Teenage Jo comes of age once again in A Taste Of Honey, Shelagh Delaney’s groundbreaking slice of mid-20th-century Manchester life made must-see at West L.A.’s Odyssey Theatre by its native Mancunian star’s haunting lead performance.
Mother-daughter relationships weren’t commonly referred to as dysfunctional or codependent when a then nineteen-year-old Delaney’s freshman play made its West End debut in back 1958, but how else to describe the ties that bind Jo (Kestrel Leah) to her “semi-whore” single mother Helen (Sarah Underwood Saviano)?
After a childhood spent taking second place to the men in Mum’s life, it’s no wonder that when blowsy Helen takes up with much younger car salesman Peter (Eric Hunicutt), Jo is quick to find comfort of her own with Jimmie (Gerard Joseph), a handsome black sailor about to ship off for six months at sea.
Ship off her Navy man does, leaving Jo behind with promises to return and (unbeknownst to him) a little something to remember him by as she sets up housekeeping with a gay best friend (Leland Montgomery as Geof) to bring home the bacon (in addition to frying it and cleaning up afterwards).
Interracial relationships and unapologetically gay characters were hardly the stuff of British theater back when Delaney wrote A Taste Of Honey in response to a closeted Terence Rattigan’s more classically constructed, play-it-safer dramas. (I’m guessing, for instance, that Rattigan’s characters didn’t speak in Delaney’s rough regional vernacular, toss out casual audience asides, or behave as un-genteelly as they do in Jo and Helen’s working-class world.)
As for whether A Taste Of Honey’s lack of a classic beginning, middle, and end was a deliberate response to Rattigan and his contemporaries’ “well-made plays” or simply the product of inexperience, the result remains as unconventionally effective in 2016 as it was nearly sixty years ago, particularly as directed with copious ingenuity and flair by Kim Rubinstein.
Jazz underscoring by live musicians Armando Wood on double bass, Joseph on drums, and Saviano on an instrument I’ll let her surprise you with, along with songstress Leah’s Doris Day cover are just two of Rubinstein’s imaginative choices.
Another is having scenic designer Nephelie Andonyadis suggest rather than literally depict Jo and Helen’s “comfortless flat,” a design made even more effective by Katelan Braymer’s striking lighting and music director Saviano’s moody original underscoring.
Supporting performances could not be more richly rendered than they are on the Odyssey stage, beginning with Saviano’s Helen, bruised but not yet defeated, hard-edged but not entirely hard-hearted.
Joseph’s Jimmie is so sweet, caring, and sincere, it’s no wonder Jo falls hard; Hunicutt manages to have us almost liking Peter, or at least seeing how Helen could; and Montgomery gives us a heartbreakingly appealing wounded bird of a Geof.
Still, if there’s any play dependant on a single lead performance, A Taste Of Honey is that play, and Rubinstein and the Odyssey have lucked out big time in the instantly likeable, stunningly lovely, and edgily real Kestrel, the Cal Arts M.A. grad taking the role that made Rita Tushingham a 1960s movie star and making it her unforgettable own.
Denise Blasor’s costumes reflect era, setting, and characters to perfection.
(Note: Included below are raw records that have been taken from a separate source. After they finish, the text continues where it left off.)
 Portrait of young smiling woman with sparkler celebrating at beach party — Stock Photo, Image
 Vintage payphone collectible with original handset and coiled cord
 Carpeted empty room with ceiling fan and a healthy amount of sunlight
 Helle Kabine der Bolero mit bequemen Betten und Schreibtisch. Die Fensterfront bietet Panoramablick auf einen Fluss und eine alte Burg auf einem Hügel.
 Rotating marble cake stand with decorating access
Saviano and Carlos Torres’s sound design is top-notch, too, as for the most part is Andrea Ordinov Fuller’s dialect coaching of the production’s non-British cast members.
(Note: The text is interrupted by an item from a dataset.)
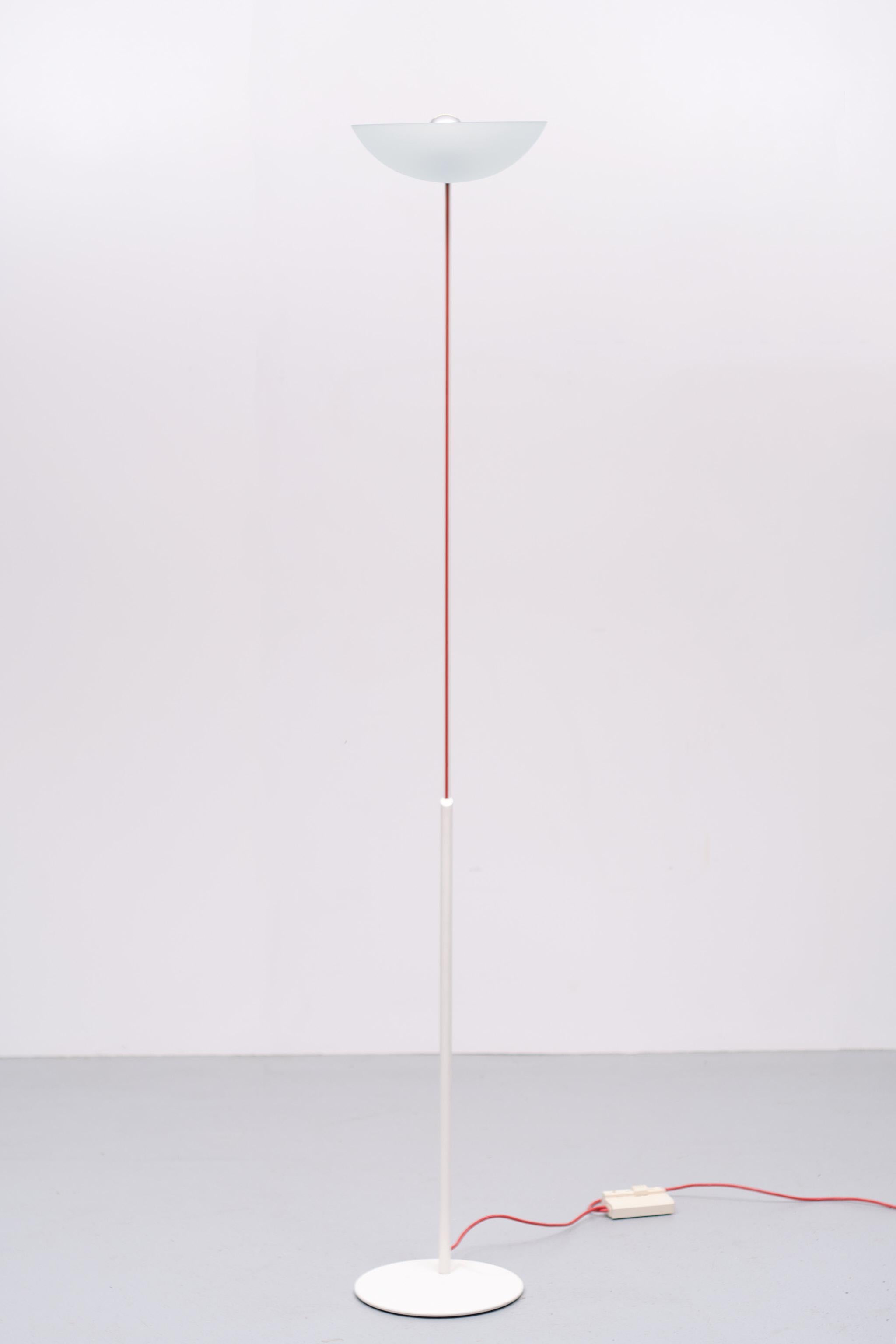 Very nice sleek Postmodern Italian floor lamp. High gloss White Metal upright 
comes with a Glass scale shade. The Red power cord is a nice detail.
rare find. Signed. One E27 bulb needed. working dimmer. Very good condition.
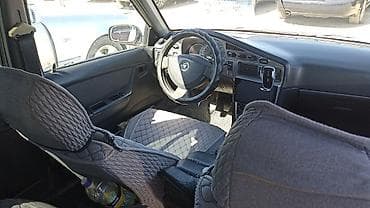 kia sephia: Chevrolet Nexia: 2009 г., 1.5 л, Механика, Седан — 3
A Taste Of Honey is produced by Beth Hogan. Eden Mullins is stage manager. Rosie Byrne and Tracey Silver are assistant directors.
With Tony Richardson’s 1961 film adaptation having recenlty made its long-awaited American DVD debut and an off-Broadway revival having opened only days before the Odyssey’s, A Taste Of Honey is most definitely on a roll in 2016.
Delaney’s characters’ “tastes of honey” may be brief, but as the Odyssey Theatre Ensemble’s “dead sound” (Mancuian for “smashing”) revival makes abundantly clear, her career-defining debut is going stronger than ever.
Odyssey Theatre Ensemble, 2055 South Sepulveda Boulevard, Los Angeles.